_WHAT YOU ARE ASKED TO DO:_
Produce an exact copy of the first line of the data below and each line after it, please, up to and including the one with "Prabowo hadir dengan".

_Data extracted from a collection:_
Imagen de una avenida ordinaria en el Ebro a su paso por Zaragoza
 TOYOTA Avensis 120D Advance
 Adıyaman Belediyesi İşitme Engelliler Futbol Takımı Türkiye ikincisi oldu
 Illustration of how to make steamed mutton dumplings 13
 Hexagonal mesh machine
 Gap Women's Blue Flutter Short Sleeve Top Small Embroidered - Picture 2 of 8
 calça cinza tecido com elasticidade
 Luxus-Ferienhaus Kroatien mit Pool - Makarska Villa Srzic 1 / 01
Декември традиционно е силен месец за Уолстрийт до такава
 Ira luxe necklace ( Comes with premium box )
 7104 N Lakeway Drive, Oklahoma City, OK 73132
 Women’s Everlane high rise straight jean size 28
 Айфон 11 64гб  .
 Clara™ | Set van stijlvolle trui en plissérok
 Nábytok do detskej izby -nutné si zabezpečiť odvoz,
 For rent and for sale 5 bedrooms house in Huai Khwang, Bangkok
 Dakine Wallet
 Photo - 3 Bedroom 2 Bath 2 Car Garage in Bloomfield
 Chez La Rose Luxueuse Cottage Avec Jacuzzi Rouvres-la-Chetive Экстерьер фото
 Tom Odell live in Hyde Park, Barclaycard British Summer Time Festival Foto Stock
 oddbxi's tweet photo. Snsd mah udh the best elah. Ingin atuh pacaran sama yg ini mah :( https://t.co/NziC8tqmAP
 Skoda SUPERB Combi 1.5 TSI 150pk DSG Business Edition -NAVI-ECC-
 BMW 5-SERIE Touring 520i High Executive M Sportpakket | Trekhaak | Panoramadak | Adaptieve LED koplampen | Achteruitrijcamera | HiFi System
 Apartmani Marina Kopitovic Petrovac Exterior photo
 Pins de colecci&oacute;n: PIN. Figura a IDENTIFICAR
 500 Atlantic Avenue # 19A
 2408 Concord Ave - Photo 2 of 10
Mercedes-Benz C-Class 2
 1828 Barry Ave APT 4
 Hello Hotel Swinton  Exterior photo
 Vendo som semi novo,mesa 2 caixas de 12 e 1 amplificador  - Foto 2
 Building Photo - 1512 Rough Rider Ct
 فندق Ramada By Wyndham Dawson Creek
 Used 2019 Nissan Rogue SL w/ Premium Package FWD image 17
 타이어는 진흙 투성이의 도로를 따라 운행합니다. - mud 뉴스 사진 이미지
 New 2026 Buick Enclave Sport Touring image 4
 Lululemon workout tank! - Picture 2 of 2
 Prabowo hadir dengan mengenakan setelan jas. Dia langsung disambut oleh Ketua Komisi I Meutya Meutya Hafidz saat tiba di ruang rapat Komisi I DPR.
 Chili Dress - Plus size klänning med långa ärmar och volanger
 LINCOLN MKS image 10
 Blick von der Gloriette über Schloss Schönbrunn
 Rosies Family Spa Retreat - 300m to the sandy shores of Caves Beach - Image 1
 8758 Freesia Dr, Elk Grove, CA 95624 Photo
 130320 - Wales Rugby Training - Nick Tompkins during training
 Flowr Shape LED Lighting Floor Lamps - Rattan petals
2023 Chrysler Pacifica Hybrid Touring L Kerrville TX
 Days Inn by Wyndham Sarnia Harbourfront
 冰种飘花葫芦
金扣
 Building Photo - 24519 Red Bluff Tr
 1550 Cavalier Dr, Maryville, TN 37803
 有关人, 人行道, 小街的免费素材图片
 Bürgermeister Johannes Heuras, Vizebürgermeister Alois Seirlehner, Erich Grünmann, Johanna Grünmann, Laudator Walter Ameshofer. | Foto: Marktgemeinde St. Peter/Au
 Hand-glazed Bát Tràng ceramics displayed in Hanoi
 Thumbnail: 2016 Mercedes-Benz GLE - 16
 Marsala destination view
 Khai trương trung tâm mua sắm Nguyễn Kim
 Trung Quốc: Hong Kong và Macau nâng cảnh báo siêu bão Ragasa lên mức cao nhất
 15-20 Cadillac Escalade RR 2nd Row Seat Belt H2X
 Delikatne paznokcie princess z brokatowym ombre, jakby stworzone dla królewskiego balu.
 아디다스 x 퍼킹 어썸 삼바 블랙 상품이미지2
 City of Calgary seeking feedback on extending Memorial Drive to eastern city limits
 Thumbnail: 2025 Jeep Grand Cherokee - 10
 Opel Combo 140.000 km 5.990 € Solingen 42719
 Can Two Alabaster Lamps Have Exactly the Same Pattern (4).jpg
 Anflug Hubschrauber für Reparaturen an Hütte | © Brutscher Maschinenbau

_RESULT FOR THIS TASK:_
Imagen de una avenida ordinaria en el Ebro a su paso por Zaragoza
 TOYOTA Avensis 120D Advance
 Adıyaman Belediyesi İşitme Engelliler Futbol Takımı Türkiye ikincisi oldu
 Illustration of how to make steamed mutton dumplings 13
 Hexagonal mesh machine
 Gap Women's Blue Flutter Short Sleeve Top Small Embroidered - Picture 2 of 8
 calça cinza tecido com elasticidade
 Luxus-Ferienhaus Kroatien mit Pool - Makarska Villa Srzic 1 / 01
Декември традиционно е силен месец за Уолстрийт до такава
 Ira luxe necklace ( Comes with premium box )
 7104 N Lakeway Drive, Oklahoma City, OK 73132
 Women’s Everlane high rise straight jean size 28
 Айфон 11 64гб  .
 Clara™ | Set van stijlvolle trui en plissérok
 Nábytok do detskej izby -nutné si zabezpečiť odvoz,
 For rent and for sale 5 bedrooms house in Huai Khwang, Bangkok
 Dakine Wallet
 Photo - 3 Bedroom 2 Bath 2 Car Garage in Bloomfield
 Chez La Rose Luxueuse Cottage Avec Jacuzzi Rouvres-la-Chetive Экстерьер фото
 Tom Odell live in Hyde Park, Barclaycard British Summer Time Festival Foto Stock
 oddbxi's tweet photo. Snsd mah udh the best elah. Ingin atuh pacaran sama yg ini mah :( https://t.co/NziC8tqmAP
 Skoda SUPERB Combi 1.5 TSI 150pk DSG Business Edition -NAVI-ECC-
 BMW 5-SERIE Touring 520i High Executive M Sportpakket | Trekhaak | Panoramadak | Adaptieve LED koplampen | Achteruitrijcamera | HiFi System
 Apartmani Marina Kopitovic Petrovac Exterior photo
 Pins de colecci&oacute;n: PIN. Figura a IDENTIFICAR
 500 Atlantic Avenue # 19A
 2408 Concord Ave - Photo 2 of 10
Mercedes-Benz C-Class 2
 1828 Barry Ave APT 4
 Hello Hotel Swinton  Exterior photo
 Vendo som semi novo,mesa 2 caixas de 12 e 1 amplificador  - Foto 2
 Building Photo - 1512 Rough Rider Ct
 فندق Ramada By Wyndham Dawson Creek
 Used 2019 Nissan Rogue SL w/ Premium Package FWD image 17
 타이어는 진흙 투성이의 도로를 따라 운행합니다. - mud 뉴스 사진 이미지
 New 2026 Buick Enclave Sport Touring image 4
 Lululemon workout tank! - Picture 2 of 2
 Prabowo hadir dengan mengenakan setelan jas. Dia langsung disambut oleh Ketua Komisi I Meutya Meutya Hafidz saat tiba di ruang rapat Komisi I DPR.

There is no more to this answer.